Com o passar dos anos, e da vida, deixei de seguir o seu percurso e arrumei-o num canto das minhas recordações. E não esperava encontrar agora, aqui, uma notícias destas...
'Aquilo' não é "The undercover man"?

Publicado por: zt em julho 22, 2004 11:26 AM

zt,
É, pois. O homem teve o ataque dois dias depois de terminar mais um disco (que até é beem bom, por sinal). A entrevista onde dei por este episódio está aqui.

Publicado por: Luis Rainha em julho 22, 2004 12:09 PM

Até que enfim que alguém fala de Peter Hammill na blogosfera.
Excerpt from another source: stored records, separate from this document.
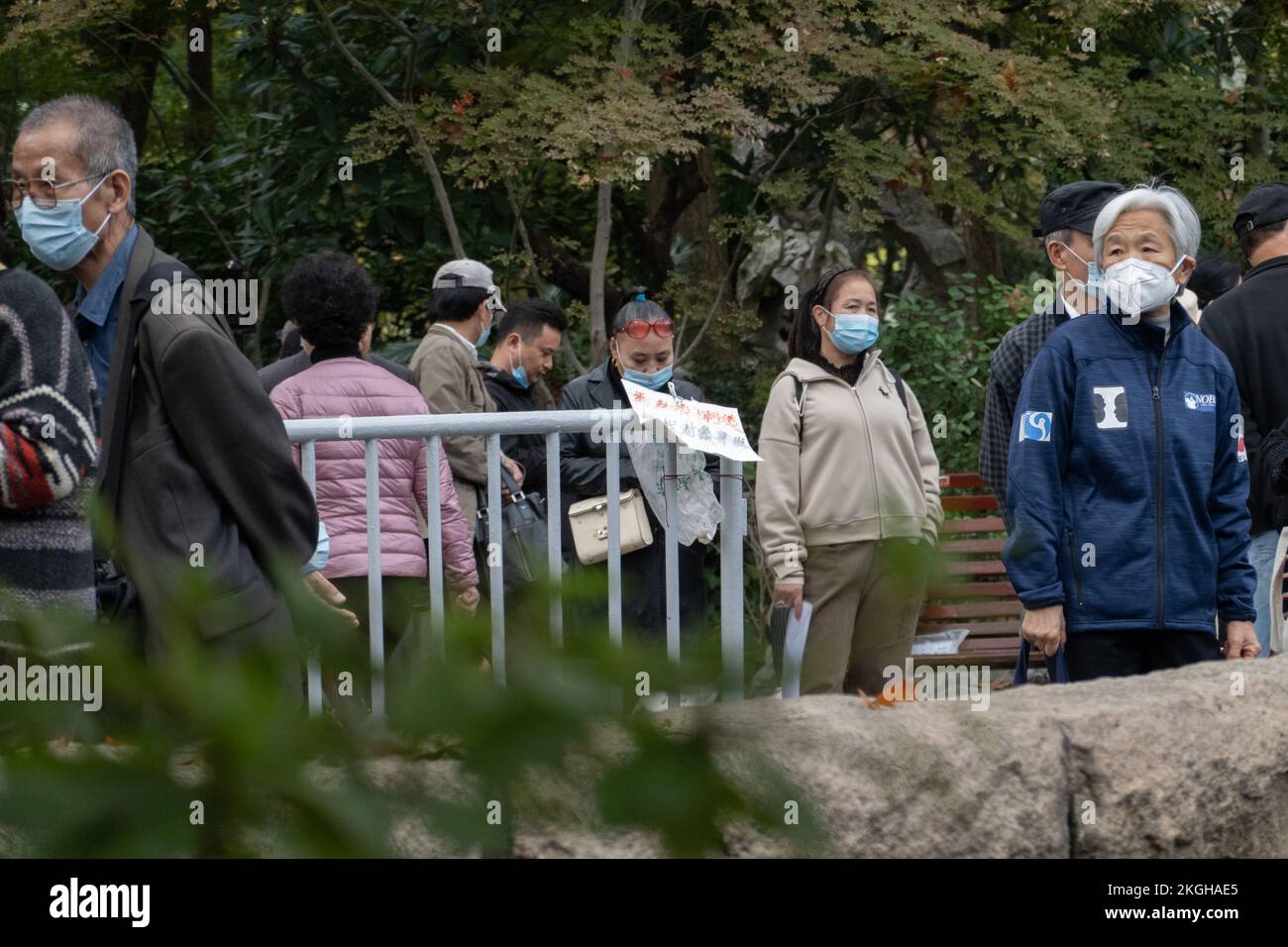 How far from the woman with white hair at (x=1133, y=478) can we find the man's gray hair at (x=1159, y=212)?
0.02 metres

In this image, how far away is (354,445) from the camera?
14.0ft

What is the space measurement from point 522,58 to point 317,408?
4.46 metres

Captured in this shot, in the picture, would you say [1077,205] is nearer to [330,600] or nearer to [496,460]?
[496,460]

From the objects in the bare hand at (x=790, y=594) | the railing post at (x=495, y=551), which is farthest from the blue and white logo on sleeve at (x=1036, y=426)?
the railing post at (x=495, y=551)

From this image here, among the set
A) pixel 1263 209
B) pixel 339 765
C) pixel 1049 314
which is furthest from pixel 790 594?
pixel 339 765

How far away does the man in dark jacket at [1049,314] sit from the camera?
433cm

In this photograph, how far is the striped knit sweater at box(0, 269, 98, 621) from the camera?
2467 mm

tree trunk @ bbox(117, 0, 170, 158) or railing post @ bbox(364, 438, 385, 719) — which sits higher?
tree trunk @ bbox(117, 0, 170, 158)

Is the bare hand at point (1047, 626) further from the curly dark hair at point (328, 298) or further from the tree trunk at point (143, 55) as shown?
the tree trunk at point (143, 55)

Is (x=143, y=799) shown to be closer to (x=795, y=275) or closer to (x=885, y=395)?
(x=885, y=395)

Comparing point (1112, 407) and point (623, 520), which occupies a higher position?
point (1112, 407)

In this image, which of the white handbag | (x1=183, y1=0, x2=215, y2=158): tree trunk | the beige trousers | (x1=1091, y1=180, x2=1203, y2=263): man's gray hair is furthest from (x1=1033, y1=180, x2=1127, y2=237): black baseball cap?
(x1=183, y1=0, x2=215, y2=158): tree trunk

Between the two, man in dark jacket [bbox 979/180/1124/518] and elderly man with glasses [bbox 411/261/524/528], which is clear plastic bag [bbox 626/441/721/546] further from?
elderly man with glasses [bbox 411/261/524/528]

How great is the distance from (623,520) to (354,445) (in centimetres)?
78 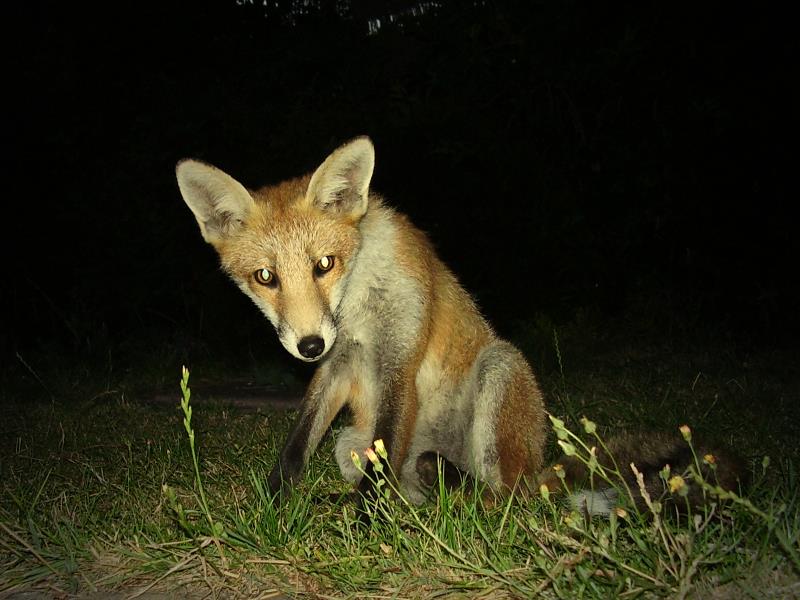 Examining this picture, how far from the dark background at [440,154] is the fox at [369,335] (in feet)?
10.1

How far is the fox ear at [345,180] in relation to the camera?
2.94 metres

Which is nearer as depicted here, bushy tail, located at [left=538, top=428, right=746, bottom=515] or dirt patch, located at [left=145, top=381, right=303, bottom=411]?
bushy tail, located at [left=538, top=428, right=746, bottom=515]

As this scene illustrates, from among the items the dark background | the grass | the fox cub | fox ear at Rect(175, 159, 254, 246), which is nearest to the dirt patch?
the dark background

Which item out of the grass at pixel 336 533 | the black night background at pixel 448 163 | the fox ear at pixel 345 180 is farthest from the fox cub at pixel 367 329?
the black night background at pixel 448 163

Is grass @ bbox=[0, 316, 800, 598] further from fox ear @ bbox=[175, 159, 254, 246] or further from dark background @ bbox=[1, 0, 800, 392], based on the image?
dark background @ bbox=[1, 0, 800, 392]

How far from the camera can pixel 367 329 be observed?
3.04 m

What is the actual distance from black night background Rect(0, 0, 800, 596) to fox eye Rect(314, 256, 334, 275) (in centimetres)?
302

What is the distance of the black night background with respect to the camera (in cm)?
627

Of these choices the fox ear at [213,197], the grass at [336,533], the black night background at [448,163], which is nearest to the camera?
the grass at [336,533]

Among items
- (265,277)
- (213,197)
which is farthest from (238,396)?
(265,277)

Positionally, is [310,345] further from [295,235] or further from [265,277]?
[295,235]

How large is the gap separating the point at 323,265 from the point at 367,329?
39 centimetres

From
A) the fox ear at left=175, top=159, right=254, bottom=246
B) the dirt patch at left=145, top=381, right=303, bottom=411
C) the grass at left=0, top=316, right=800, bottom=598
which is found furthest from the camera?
the dirt patch at left=145, top=381, right=303, bottom=411

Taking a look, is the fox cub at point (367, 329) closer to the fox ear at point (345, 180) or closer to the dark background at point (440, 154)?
the fox ear at point (345, 180) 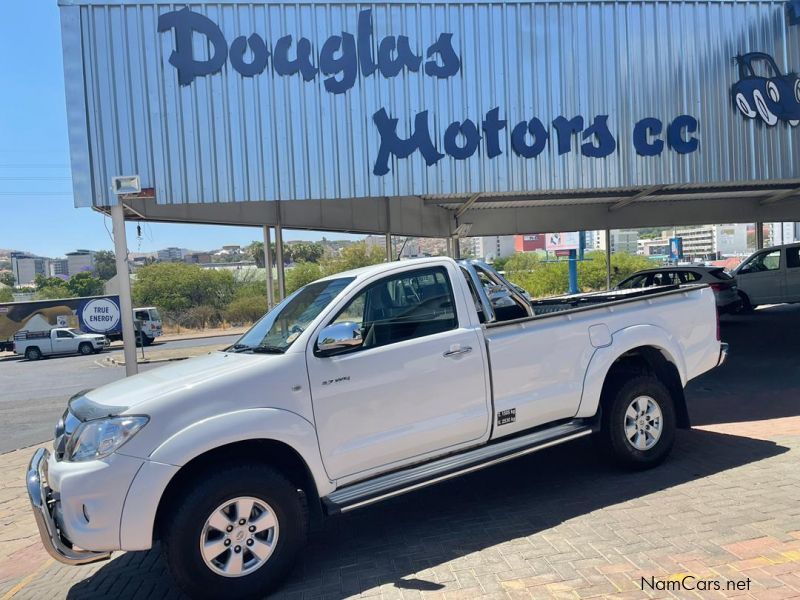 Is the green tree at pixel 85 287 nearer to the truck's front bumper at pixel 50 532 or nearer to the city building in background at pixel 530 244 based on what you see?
the city building in background at pixel 530 244

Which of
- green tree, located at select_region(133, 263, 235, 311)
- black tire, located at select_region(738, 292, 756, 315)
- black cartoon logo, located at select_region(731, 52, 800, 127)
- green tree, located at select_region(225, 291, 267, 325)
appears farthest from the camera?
green tree, located at select_region(133, 263, 235, 311)

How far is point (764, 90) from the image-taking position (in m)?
9.21

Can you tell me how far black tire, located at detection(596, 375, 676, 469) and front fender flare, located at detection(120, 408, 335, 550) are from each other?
2647 millimetres

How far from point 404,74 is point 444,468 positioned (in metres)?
6.03

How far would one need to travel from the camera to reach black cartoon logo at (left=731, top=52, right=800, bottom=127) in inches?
361

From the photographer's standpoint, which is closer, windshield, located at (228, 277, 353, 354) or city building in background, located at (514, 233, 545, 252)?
windshield, located at (228, 277, 353, 354)

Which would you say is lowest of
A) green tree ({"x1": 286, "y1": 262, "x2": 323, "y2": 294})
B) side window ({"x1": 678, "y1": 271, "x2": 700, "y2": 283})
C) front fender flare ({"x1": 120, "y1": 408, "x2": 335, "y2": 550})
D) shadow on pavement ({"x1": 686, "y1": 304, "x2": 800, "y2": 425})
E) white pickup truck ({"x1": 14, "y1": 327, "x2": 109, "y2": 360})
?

Pena que seja por este motivo.
Também eu (uns anos mais novo) devo muitas horas de grande música aos Van der Graaf e a Hammill.
o mais esquecido dos esquecidos, não fosse a imensa minoria silenciosa que o idolatra

Publicado por: eduardo em julho 22, 2004 06:04 PM

Obrigado pelo link e, já agora, pelas memórias que me despertou.
A história do Peter Hammill recorda-me a de A. E. Van Vogt, um dos maiores escritores de ficção científica de sempre que morreu praticamente ignorado por todos.